**What you will do**
Write the listing below out again in full, dropping its pictures.

(Data segment Opens)

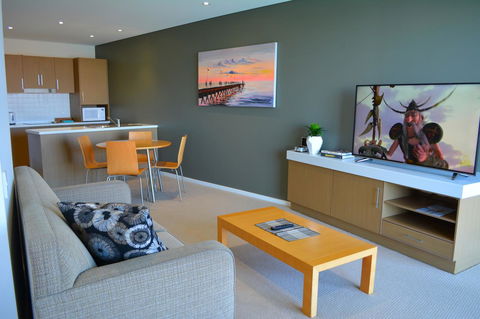 Wallaroo Marina Luxury Apartment - Accommodation Gold Coast 9
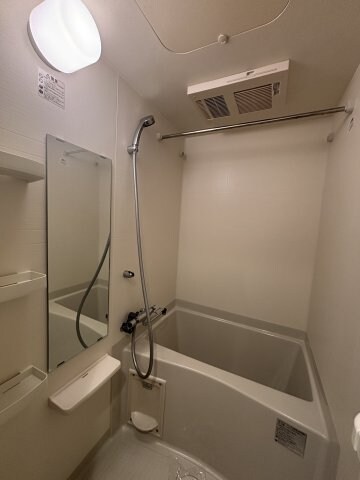 物件内観写真7　(日々の疲れを癒すお風呂付です)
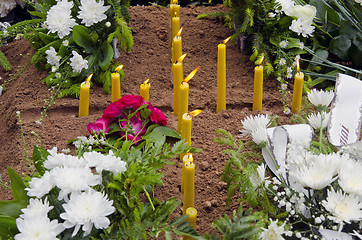 Image showing Candles on the grave.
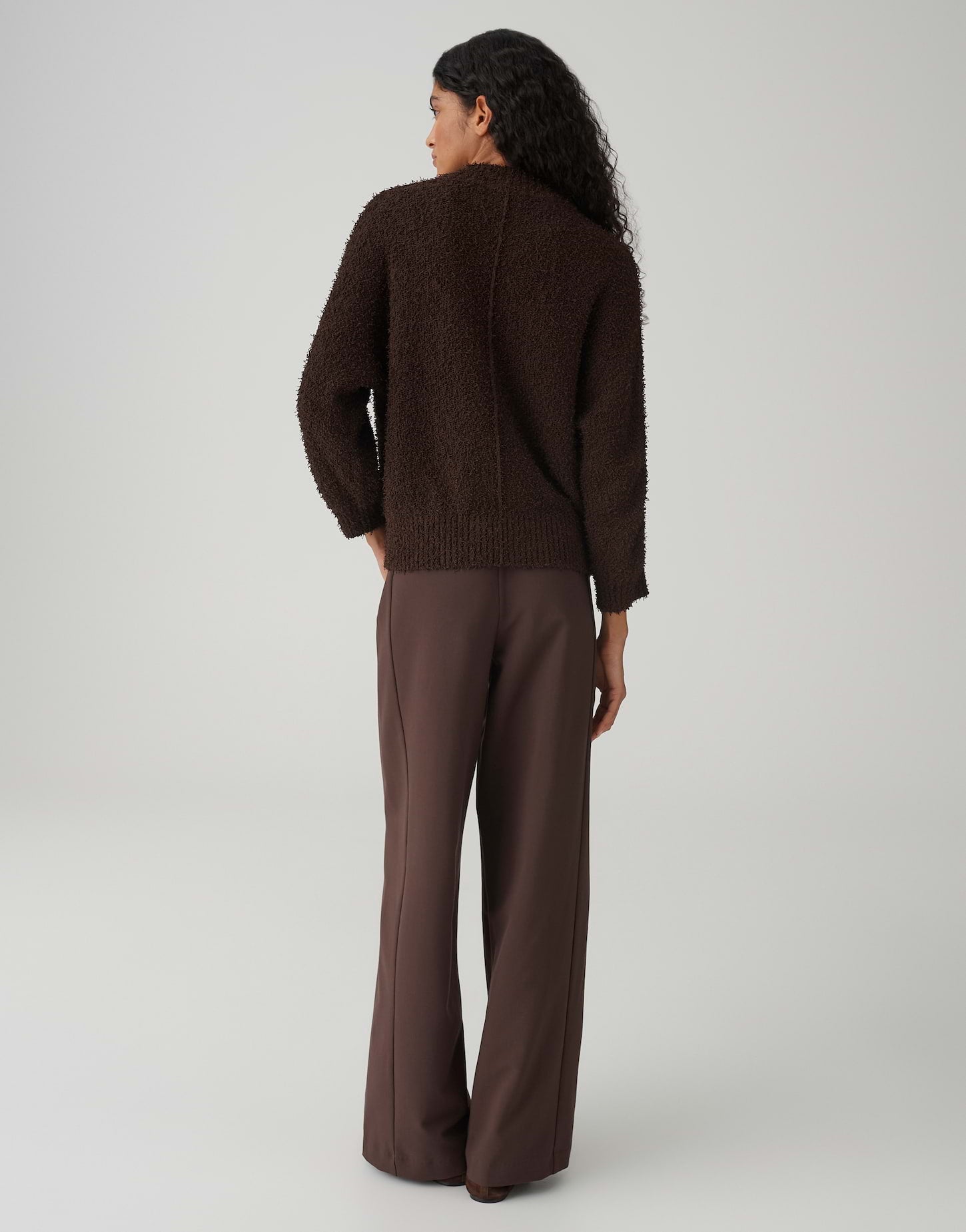 Strickpullover aus flauschigem Effektgarn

(Data segment Closes)

**Answer**
 Wallaroo Marina Luxury Apartment - Accommodation Gold Coast 9
 物件内観写真7　(日々の疲れを癒すお風呂付です)
 Image showing Candles on the grave.
 Strickpullover aus flauschigem Effektgarn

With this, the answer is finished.